ABSTRACT

The deradicalization and disengagement literature has to date tended to focus on disrupting the mechanisms that create loyalty to a small group and how to counter these (Horgan 2005; Sageman 2008; Bjørgo 2009; Noricks 2009; Barrelle 2015; Hwang 2015; Nesser 2015; Horgan, Altier, Shortland and Taylor 2017; Kruglanski, Jasko, Chernikova, Dugas and Webber 2017). In large part, these discussions have focused on situations where adherents were organized in small groups, rather than being a part of a wider and stronger organization.
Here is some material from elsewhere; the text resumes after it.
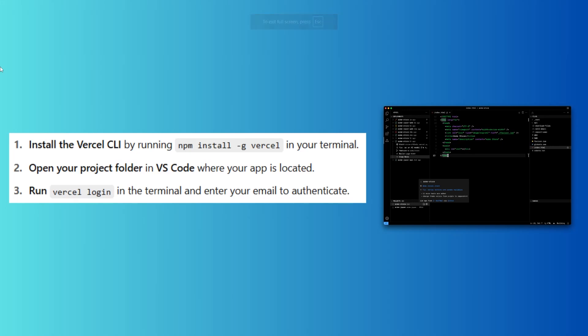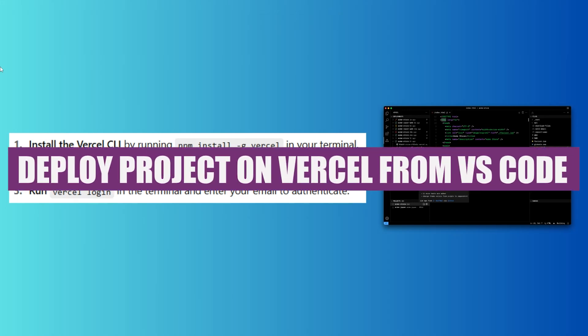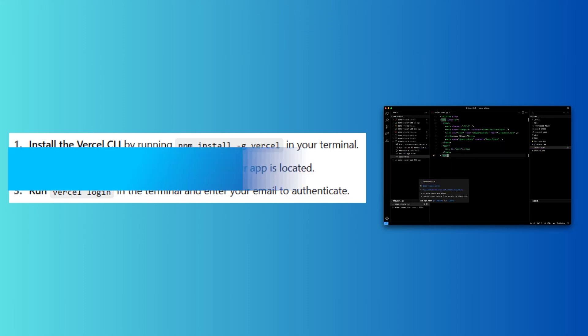Hey everyone! In this video, we will learn how to deploy a project on Vercel from VS Code.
Moreover, these small groups were operating in a state with functioning institutions focusing on identifying, arresting and/or deradicalizing/disengaging those radicalized individuals (Hansen 2017). Al Qaeda’s attack on 11 September 2001 had set the focus on militant religiously inspired organizations and loose networks; future religiously inspired radicalism was seen by some as leaderless networks, by others as clandestine networks implementing terror (Sageman 2004, 2008). The territorial expansion of the Islamic State in many ways contributed to a change in the focus on jihadist organizations as clandestine illegal networks, as the wider field re-discovered that jihadist organizations could establish forms of territorial control, extraction and discipline mechanisms that go together with such control (Lia 2015; Hansen 2019).